Source material:
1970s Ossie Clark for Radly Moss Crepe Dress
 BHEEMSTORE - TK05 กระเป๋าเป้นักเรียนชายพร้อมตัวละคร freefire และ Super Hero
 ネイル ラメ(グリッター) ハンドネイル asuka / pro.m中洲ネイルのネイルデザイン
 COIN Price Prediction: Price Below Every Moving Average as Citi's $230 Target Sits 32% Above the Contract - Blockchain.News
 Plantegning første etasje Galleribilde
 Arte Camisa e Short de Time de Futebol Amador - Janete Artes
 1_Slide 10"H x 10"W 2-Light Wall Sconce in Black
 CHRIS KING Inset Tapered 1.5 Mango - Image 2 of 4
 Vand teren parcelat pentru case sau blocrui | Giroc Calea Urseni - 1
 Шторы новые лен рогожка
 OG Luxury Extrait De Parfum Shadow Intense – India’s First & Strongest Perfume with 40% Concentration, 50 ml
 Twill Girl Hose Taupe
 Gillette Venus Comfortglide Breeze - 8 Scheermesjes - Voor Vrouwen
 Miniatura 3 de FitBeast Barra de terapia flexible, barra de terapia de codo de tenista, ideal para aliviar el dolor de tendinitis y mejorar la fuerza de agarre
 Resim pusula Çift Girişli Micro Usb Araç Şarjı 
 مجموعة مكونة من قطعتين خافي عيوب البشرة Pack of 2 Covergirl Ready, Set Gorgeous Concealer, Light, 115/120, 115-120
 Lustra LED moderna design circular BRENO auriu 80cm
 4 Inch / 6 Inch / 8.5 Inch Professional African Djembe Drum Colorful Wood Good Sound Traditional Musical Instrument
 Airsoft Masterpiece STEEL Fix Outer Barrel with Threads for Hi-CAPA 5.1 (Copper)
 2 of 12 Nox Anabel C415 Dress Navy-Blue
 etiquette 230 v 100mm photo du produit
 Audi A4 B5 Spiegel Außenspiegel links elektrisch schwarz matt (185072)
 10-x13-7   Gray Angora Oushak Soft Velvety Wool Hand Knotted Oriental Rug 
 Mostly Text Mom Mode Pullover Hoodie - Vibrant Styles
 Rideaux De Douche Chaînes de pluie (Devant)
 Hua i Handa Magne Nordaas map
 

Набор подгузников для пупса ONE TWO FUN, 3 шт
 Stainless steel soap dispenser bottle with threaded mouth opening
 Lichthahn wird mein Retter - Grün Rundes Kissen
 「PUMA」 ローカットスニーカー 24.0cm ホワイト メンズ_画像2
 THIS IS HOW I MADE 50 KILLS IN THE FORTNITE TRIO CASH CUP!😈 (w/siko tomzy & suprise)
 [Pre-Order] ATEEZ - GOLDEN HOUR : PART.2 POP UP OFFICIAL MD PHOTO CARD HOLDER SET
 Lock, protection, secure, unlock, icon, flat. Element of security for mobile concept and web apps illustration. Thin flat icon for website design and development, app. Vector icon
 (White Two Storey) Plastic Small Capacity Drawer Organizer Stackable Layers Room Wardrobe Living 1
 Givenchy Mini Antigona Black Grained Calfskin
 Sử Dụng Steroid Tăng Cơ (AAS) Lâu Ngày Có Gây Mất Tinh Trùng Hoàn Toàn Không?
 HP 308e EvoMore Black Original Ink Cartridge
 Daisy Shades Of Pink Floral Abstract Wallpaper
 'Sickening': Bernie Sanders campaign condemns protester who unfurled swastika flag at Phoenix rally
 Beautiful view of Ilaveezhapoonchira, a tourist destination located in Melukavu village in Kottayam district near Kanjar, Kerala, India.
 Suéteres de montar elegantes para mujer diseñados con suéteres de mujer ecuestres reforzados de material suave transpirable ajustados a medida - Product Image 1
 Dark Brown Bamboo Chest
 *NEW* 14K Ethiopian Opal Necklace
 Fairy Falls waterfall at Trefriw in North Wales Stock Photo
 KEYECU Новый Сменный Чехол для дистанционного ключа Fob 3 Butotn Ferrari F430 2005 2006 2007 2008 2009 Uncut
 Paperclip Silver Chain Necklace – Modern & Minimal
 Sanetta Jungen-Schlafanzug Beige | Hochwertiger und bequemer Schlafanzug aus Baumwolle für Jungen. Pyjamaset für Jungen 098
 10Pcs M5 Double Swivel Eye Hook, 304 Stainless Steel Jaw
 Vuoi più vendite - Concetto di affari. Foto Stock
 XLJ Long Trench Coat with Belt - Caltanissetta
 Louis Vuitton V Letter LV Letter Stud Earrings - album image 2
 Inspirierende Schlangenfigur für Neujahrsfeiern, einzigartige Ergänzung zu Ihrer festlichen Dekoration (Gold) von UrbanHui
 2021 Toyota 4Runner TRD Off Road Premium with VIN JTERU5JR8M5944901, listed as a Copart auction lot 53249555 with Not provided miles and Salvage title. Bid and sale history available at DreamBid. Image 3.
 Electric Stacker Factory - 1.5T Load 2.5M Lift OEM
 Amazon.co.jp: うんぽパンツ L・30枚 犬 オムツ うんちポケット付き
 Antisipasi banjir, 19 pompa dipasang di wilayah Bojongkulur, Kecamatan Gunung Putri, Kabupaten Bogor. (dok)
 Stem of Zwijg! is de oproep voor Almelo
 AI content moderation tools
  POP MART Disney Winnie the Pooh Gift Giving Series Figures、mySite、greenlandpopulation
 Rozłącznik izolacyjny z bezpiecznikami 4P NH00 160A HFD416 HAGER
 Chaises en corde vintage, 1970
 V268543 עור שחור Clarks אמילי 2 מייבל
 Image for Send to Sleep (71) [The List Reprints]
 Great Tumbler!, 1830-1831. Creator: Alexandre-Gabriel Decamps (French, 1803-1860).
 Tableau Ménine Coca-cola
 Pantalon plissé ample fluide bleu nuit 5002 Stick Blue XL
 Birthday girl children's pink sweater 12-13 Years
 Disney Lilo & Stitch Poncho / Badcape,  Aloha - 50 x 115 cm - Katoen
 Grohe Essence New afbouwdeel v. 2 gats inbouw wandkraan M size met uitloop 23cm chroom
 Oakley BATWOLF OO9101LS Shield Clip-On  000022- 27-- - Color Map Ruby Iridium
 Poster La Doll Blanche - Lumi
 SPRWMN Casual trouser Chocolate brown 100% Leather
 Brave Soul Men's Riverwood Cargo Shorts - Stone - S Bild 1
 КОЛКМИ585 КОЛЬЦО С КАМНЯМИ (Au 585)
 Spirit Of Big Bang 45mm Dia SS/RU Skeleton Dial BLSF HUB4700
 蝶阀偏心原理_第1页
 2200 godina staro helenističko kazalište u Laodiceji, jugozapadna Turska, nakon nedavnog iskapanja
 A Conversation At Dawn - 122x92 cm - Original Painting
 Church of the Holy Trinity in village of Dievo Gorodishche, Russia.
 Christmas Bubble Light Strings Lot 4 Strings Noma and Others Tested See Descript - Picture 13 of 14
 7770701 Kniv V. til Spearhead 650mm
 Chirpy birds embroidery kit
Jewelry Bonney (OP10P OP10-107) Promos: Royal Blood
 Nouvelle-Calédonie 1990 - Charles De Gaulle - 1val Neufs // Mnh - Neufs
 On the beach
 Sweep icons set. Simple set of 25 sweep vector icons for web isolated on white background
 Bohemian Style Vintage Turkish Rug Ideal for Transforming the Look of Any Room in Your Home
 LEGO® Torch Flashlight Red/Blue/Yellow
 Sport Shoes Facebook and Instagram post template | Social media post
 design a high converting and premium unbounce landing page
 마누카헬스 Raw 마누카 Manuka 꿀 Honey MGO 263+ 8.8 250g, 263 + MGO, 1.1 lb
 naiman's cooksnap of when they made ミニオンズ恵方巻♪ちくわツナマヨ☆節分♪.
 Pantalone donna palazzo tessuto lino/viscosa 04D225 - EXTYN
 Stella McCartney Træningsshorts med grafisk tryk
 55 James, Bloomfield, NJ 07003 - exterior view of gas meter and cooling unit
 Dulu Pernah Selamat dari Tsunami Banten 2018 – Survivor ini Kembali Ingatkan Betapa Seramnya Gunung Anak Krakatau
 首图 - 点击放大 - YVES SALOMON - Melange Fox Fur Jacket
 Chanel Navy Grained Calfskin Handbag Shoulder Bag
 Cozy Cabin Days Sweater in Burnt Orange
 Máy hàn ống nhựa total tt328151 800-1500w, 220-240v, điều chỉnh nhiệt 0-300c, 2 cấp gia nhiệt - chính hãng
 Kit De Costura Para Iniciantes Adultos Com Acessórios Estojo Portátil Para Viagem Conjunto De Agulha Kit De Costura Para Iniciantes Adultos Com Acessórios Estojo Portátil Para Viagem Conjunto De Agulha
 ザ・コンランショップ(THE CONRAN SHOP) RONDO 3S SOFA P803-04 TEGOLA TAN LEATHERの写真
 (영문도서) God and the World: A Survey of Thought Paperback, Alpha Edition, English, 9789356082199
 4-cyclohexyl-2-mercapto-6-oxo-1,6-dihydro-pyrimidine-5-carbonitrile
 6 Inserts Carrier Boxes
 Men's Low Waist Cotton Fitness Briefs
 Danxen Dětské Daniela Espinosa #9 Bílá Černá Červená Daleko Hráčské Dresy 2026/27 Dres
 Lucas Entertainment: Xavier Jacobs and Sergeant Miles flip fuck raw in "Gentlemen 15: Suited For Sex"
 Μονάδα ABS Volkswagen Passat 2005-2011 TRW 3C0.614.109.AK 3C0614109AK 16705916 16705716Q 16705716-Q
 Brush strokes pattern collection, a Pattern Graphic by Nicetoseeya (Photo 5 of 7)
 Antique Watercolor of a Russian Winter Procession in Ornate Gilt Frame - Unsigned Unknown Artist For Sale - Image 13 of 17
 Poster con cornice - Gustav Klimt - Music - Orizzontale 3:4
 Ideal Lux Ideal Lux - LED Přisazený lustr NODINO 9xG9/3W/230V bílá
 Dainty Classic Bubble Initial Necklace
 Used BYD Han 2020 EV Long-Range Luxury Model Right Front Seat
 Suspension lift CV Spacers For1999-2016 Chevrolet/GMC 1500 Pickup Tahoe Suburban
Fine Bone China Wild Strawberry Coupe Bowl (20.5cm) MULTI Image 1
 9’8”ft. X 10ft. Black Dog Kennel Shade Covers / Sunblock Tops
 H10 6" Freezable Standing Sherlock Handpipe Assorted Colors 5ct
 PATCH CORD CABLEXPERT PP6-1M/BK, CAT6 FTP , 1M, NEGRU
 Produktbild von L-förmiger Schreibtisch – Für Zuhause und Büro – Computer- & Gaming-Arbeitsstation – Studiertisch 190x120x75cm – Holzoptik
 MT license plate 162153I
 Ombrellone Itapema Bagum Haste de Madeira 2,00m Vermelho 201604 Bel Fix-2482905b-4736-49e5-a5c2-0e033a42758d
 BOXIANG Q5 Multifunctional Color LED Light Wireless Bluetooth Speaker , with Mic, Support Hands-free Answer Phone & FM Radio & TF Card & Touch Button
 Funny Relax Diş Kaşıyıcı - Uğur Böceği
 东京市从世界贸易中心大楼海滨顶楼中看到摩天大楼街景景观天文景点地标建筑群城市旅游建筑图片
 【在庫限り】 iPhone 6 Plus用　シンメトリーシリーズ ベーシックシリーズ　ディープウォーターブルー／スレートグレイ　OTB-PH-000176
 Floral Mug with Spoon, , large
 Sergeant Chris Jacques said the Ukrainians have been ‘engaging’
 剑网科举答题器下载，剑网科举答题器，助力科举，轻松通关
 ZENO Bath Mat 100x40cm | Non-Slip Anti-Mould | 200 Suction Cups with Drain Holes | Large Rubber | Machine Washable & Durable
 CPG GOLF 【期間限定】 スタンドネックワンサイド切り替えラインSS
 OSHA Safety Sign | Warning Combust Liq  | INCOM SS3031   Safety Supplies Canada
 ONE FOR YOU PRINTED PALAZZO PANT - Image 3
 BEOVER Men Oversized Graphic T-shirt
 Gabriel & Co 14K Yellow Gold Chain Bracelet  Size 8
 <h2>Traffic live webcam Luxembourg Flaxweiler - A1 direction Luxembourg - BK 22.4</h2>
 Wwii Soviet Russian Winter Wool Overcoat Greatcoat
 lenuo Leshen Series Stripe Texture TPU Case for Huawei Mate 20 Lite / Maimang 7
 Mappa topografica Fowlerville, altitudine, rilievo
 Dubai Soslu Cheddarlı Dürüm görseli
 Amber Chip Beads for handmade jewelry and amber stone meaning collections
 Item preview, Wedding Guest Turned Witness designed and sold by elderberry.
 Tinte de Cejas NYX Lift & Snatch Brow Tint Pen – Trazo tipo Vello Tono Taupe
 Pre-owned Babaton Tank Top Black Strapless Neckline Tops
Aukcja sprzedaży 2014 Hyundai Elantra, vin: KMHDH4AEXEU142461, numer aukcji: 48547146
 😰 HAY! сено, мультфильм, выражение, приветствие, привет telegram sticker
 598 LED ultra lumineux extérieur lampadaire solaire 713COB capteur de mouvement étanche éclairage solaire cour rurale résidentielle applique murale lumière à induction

Work instructions:
Starting with the line that holds "Hua i Handa Magne Nordaas map" and ending with the line that holds "[Pre-Order] ATEEZ - GOLDEN", retype every line in the data above exactly, and nothing else.

Response to this task:
 Hua i Handa Magne Nordaas map
 

Набор подгузников для пупса ONE TWO FUN, 3 шт
 Stainless steel soap dispenser bottle with threaded mouth opening
 Lichthahn wird mein Retter - Grün Rundes Kissen
 「PUMA」 ローカットスニーカー 24.0cm ホワイト メンズ_画像2
 THIS IS HOW I MADE 50 KILLS IN THE FORTNITE TRIO CASH CUP!😈 (w/siko tomzy & suprise)
 [Pre-Order] ATEEZ - GOLDEN HOUR : PART.2 POP UP OFFICIAL MD PHOTO CARD HOLDER SET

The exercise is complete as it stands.